After Georgia’s controversial gubernatorial election in 2018, which would have made Abrams the first Black woman to be elected governor anywhere in the United States had she won, Abrams decided to present a new strategy to Democrats: they could win more races by being more inclusive of disengaged voters of color rather than focusing on persuading undecided, moderate, usually white voters. That same year, Abrams founded Fair Fight, an organization that promotes fair elections, encourages voter participation, and educates voters about their rights. The organization was able to register an estimated 800,000 new voters in Georgia, nearly half of whom are people of color, by the presidential election.

Abrams was not the sole influence in registering new voters and helping nudge swing states to be blue, and though she has done incredible work, we must also continue to remind ourselves that she was not the only one participating in local organization. Doing so will trap us in a perspective analogous to that through which we see the Civil Rights Movement, namely our idolization of Dr. Martin Luther King Jr. and Rosa Parks at the cost of oversimplifying their true ideologies and obscuring the tireless work of other grassroots activists. 

In fact, many people in key cities like Atlanta, Philadelphia, or Pittsburgh credit Black women in their communities for encouraging people to exercise their right to vote. Women of color have played an increasingly large role in elections, whether through record-breaking participation in them or registering and educating family, friends, and local community members. Their years-long work is so notable that it, alongside Georgia’s flip from red to blue, has people questioning whether the South has started straying from Republicans. 

What the work of Abrams and grassroots organizers  in voter participation reveals to us is the indisputable significance of enacting change on the local level. It is tempting to make sweeping statements about what we should do, but more often than not, doing so produces empty shells rather than genuine action. In order for us to see real progress, we must build a foundation for it, piece by piece, as people, specifically Black women, have been doing in Georgia for the past few years. 
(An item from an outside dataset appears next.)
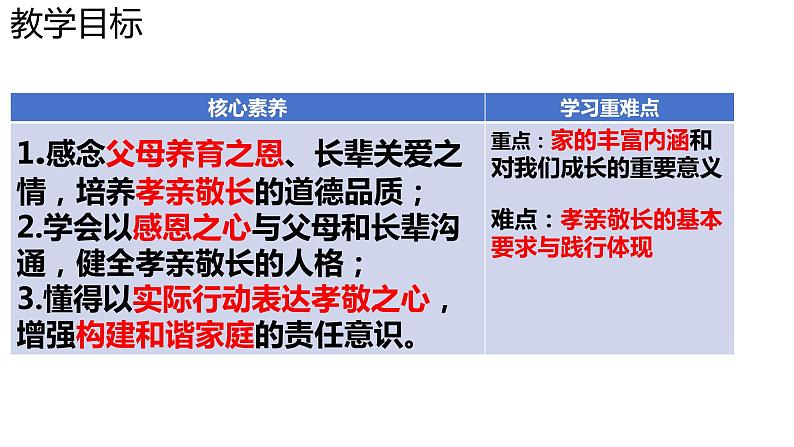 7.1+家的意味+课件-2023-2024学年统编版道德与法治七年级上册第2页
The results of the 2020 presidential election were not guaranteed and continue to be contested to this day, weeks after a white supremacy-fueled insurrection that rocked our nation. But as Amanda Gorman stated in her inaugural poem, “While democracy can be periodically delayed / it can never be permanently defeated.” Now more than ever, we need grassroots organizers to help spur the change that this country needs; if only we look hard enough and offer our support, we will find a Stacey Abrams in every corner of the fight for justice—a fight that is nowhere near its end.